[Entries supplied]:

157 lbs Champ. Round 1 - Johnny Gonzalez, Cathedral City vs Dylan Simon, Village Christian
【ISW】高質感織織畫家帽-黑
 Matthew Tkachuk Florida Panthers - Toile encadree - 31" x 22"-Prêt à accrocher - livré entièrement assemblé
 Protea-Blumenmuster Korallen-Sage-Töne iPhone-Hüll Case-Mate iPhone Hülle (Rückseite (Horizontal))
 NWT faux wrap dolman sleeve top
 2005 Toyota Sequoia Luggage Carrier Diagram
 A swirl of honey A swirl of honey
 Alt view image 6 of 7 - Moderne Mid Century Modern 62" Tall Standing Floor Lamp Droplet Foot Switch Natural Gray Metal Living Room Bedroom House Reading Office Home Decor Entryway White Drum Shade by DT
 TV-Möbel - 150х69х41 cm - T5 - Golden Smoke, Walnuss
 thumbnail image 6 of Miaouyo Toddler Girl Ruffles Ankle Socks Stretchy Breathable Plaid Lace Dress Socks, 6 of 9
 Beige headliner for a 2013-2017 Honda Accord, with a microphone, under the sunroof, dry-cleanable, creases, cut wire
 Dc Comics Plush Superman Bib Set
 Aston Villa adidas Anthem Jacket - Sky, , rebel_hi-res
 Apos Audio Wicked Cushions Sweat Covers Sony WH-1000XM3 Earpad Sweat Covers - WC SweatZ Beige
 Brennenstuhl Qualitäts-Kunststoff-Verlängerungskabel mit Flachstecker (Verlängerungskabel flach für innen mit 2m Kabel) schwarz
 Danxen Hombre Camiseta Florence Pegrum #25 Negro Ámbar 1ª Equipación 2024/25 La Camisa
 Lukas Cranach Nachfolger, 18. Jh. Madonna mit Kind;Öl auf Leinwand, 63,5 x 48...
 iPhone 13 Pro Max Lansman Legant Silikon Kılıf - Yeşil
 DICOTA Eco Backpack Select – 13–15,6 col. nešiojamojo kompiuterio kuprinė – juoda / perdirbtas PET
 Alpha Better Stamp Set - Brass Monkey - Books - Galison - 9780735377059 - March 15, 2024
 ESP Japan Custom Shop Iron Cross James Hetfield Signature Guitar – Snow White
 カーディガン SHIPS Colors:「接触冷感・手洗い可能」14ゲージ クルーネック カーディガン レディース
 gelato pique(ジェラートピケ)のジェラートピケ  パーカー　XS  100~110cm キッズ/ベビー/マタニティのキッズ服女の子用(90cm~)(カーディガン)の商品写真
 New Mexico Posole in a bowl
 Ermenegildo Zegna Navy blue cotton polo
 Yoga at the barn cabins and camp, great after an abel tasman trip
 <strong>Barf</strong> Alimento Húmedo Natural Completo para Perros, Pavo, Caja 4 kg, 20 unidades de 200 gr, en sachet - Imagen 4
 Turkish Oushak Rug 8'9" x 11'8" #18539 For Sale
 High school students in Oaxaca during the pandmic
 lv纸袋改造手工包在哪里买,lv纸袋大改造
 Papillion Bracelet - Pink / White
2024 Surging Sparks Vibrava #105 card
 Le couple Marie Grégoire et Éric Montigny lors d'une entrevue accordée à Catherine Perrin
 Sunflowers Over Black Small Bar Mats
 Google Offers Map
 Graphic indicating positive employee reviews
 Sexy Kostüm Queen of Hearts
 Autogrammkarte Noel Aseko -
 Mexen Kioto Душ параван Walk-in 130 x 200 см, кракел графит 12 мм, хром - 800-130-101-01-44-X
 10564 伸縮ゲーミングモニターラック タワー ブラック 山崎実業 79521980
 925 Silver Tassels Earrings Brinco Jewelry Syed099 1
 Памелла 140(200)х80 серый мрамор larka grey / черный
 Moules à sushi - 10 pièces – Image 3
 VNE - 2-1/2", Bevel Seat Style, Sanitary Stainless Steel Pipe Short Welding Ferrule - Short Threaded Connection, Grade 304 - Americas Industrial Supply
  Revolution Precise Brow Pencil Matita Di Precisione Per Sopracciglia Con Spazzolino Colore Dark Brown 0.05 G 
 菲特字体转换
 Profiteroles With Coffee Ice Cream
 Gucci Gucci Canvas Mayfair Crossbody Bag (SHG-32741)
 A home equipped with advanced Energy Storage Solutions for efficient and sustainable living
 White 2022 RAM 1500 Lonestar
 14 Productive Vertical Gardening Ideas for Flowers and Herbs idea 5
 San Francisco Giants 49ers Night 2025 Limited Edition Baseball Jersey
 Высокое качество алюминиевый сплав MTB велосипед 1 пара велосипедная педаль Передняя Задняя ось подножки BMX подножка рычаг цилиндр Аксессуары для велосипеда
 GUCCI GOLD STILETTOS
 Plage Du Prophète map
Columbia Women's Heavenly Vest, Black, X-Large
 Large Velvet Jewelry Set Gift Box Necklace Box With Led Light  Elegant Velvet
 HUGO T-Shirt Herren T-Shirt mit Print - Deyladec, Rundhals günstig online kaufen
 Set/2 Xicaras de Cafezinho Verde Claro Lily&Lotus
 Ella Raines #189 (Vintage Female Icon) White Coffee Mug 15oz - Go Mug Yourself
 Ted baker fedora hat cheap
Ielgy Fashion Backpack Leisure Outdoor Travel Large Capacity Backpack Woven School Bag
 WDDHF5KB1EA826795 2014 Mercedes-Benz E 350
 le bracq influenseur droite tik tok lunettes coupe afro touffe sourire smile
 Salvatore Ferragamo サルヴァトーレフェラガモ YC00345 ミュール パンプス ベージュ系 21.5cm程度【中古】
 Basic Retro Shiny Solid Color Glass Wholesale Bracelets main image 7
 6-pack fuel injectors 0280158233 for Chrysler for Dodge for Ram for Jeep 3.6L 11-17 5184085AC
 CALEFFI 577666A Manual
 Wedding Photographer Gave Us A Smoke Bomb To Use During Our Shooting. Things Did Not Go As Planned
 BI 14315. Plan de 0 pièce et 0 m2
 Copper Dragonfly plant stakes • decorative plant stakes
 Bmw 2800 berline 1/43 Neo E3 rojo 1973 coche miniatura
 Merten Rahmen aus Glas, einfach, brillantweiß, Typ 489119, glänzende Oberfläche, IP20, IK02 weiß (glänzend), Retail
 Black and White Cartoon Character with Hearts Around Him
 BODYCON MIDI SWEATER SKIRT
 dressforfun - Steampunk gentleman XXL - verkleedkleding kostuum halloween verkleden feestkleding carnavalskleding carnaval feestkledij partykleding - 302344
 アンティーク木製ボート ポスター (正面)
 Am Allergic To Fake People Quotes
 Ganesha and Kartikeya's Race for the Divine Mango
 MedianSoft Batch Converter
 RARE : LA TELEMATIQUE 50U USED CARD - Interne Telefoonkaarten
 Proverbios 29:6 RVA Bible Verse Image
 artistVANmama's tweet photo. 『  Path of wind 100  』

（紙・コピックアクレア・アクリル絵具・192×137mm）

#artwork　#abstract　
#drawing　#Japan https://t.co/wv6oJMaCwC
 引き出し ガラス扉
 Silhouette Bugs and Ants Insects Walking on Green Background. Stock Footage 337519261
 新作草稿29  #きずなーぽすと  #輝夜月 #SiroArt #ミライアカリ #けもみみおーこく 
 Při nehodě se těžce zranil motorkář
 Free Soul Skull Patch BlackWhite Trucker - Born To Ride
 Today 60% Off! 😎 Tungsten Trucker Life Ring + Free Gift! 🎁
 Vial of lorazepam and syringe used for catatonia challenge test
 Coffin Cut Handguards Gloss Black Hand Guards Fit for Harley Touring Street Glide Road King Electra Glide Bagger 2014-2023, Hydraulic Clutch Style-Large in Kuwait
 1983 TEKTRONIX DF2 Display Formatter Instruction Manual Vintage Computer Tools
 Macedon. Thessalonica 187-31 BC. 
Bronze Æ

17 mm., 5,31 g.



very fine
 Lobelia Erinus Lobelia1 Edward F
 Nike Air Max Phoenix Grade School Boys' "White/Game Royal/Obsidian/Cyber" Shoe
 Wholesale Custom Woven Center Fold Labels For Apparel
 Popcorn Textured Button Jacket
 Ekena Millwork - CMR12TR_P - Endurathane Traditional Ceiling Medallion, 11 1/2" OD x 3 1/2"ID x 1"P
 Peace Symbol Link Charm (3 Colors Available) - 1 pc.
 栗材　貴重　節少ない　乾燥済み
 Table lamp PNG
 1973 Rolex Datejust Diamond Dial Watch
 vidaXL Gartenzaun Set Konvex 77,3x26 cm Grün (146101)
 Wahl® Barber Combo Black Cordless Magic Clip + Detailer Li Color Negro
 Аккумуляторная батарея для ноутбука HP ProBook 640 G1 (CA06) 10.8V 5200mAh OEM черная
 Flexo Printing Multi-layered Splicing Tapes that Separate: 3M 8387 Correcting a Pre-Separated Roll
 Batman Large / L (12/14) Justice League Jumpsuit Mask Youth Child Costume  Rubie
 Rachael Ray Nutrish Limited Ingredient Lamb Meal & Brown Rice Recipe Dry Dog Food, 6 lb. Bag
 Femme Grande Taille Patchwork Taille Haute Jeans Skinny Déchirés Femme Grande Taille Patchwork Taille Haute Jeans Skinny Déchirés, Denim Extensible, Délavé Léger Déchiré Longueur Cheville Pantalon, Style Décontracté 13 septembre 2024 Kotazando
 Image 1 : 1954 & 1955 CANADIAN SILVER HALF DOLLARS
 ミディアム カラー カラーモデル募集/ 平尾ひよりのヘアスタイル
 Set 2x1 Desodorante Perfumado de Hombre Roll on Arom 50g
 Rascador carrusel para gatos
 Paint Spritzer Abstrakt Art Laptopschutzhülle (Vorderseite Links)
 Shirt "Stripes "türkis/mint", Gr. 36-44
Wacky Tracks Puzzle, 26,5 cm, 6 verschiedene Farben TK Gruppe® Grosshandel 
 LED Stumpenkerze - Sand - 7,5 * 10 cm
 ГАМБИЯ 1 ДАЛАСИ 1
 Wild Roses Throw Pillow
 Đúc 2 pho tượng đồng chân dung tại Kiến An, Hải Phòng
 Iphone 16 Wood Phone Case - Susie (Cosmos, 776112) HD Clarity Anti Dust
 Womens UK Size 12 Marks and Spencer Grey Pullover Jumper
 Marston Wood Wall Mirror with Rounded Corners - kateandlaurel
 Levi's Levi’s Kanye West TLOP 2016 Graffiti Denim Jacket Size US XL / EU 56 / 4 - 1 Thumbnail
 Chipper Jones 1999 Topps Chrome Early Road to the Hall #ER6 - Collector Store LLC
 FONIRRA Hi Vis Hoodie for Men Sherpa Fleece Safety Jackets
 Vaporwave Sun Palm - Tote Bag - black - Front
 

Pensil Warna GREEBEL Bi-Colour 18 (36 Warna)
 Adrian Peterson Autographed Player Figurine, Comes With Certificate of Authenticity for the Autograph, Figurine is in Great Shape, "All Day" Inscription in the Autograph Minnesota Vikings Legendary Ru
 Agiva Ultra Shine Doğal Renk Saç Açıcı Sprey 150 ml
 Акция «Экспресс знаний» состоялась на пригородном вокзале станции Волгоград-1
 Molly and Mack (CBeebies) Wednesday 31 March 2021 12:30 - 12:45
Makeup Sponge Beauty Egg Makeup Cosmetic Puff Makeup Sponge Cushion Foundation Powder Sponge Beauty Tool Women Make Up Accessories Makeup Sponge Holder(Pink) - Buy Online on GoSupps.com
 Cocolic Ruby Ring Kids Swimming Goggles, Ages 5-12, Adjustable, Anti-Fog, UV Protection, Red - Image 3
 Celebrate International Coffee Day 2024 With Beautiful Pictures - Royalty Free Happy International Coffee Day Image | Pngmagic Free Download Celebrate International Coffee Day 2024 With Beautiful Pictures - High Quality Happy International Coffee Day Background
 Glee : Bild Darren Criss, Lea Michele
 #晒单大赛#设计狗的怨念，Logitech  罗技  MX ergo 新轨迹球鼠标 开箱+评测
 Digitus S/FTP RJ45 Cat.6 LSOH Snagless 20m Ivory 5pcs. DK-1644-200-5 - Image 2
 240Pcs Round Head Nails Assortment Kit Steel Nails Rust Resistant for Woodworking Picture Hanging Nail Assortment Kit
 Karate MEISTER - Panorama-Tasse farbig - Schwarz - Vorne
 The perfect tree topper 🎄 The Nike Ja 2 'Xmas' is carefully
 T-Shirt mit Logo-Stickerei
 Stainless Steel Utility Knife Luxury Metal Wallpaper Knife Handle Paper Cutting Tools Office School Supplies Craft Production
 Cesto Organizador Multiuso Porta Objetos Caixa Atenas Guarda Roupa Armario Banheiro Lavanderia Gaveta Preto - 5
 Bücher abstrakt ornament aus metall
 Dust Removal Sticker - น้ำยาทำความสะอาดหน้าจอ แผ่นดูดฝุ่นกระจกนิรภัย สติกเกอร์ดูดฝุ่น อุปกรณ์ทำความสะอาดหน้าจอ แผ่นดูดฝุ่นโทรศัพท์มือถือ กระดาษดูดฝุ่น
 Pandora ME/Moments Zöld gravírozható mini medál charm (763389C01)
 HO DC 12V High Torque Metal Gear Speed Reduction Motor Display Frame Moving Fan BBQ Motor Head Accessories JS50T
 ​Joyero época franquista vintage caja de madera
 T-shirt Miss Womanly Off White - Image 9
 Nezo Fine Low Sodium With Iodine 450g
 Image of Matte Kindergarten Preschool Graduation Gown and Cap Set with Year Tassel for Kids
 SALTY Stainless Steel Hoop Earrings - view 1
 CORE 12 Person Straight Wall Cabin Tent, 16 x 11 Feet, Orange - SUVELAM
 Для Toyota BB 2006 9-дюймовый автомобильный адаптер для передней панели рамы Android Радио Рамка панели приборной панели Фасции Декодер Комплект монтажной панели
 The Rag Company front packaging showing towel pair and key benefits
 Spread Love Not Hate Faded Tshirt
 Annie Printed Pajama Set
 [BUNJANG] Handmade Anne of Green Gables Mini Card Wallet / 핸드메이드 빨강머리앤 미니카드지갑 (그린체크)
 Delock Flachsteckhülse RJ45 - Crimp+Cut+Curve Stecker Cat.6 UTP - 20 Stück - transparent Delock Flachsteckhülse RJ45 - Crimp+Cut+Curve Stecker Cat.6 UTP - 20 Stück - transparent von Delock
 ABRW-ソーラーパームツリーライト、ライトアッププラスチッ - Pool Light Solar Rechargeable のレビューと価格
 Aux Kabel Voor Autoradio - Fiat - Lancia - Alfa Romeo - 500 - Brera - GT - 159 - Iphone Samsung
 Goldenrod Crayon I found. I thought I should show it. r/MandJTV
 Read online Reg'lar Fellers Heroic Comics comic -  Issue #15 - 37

[Assignment]:
Within the listing above, the range opens at the line with "NWT faux wrap dolman sleeve top" and closes at the line with "Beige headliner for". Reproduce exactly the lines of that range, including both ends.

[Solution below]:
 NWT faux wrap dolman sleeve top
 2005 Toyota Sequoia Luggage Carrier Diagram
 A swirl of honey A swirl of honey
 Alt view image 6 of 7 - Moderne Mid Century Modern 62" Tall Standing Floor Lamp Droplet Foot Switch Natural Gray Metal Living Room Bedroom House Reading Office Home Decor Entryway White Drum Shade by DT
 TV-Möbel - 150х69х41 cm - T5 - Golden Smoke, Walnuss
 thumbnail image 6 of Miaouyo Toddler Girl Ruffles Ankle Socks Stretchy Breathable Plaid Lace Dress Socks, 6 of 9
 Beige headliner for a 2013-2017 Honda Accord, with a microphone, under the sunroof, dry-cleanable, creases, cut wire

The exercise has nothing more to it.